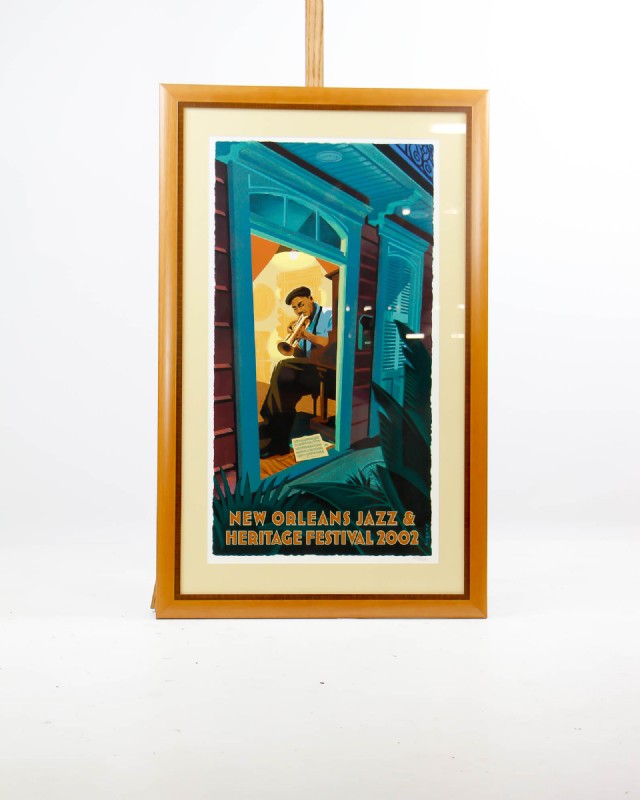 Paul Rogers New Orleans Jazz Festival Poster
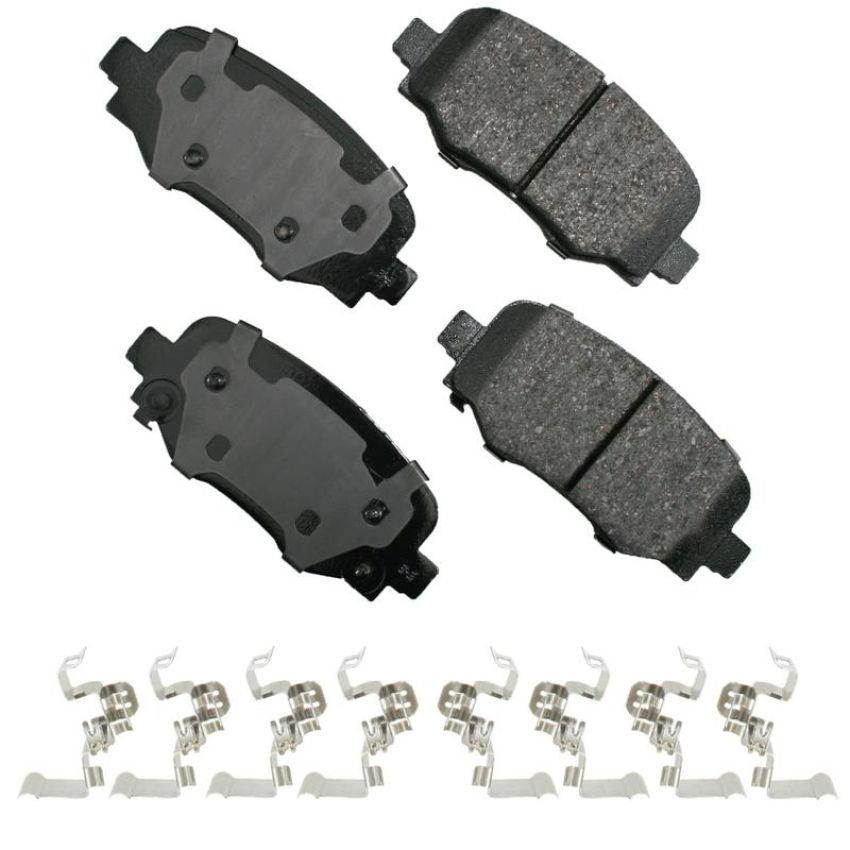 Akebono ACT1809 Akebono ProACT Ultra Premium Ceramic Disc Brake Pad Kit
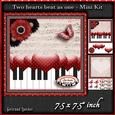 Cardtopper Romance Red Black 768
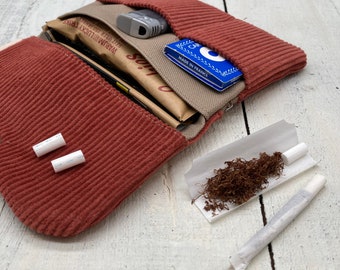 Borsa porta tabacco “CORD” ruggine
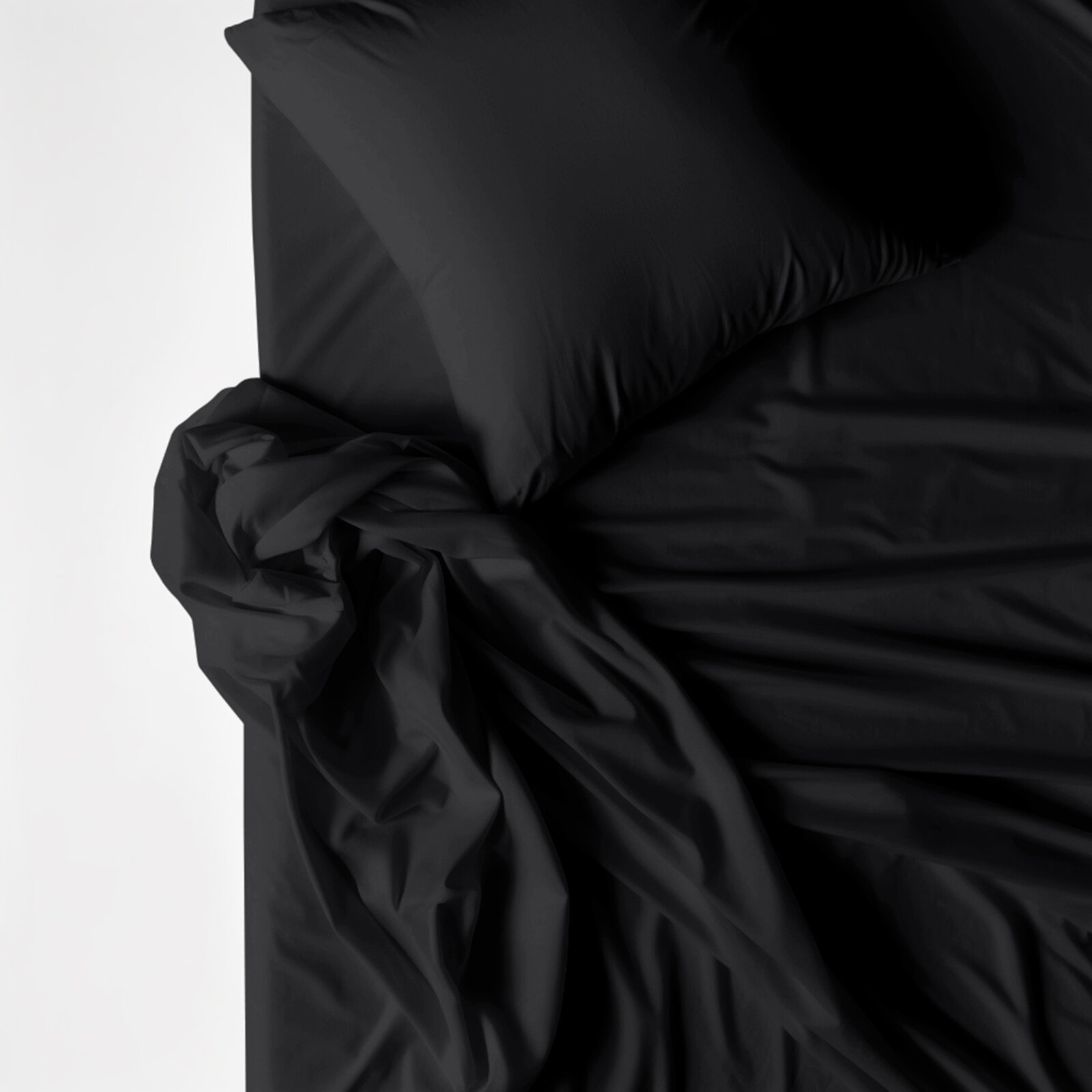 Bettwäsche aus Baumwolle - schwarz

▶ [What you have to do] Only the text of the material belongs in your copy, which must match the original exactly.

▶ [Solution]
 Paul Rogers New Orleans Jazz Festival Poster
 Akebono ACT1809 Akebono ProACT Ultra Premium Ceramic Disc Brake Pad Kit
 Cardtopper Romance Red Black 768
 Borsa porta tabacco “CORD” ruggine
 Bettwäsche aus Baumwolle - schwarz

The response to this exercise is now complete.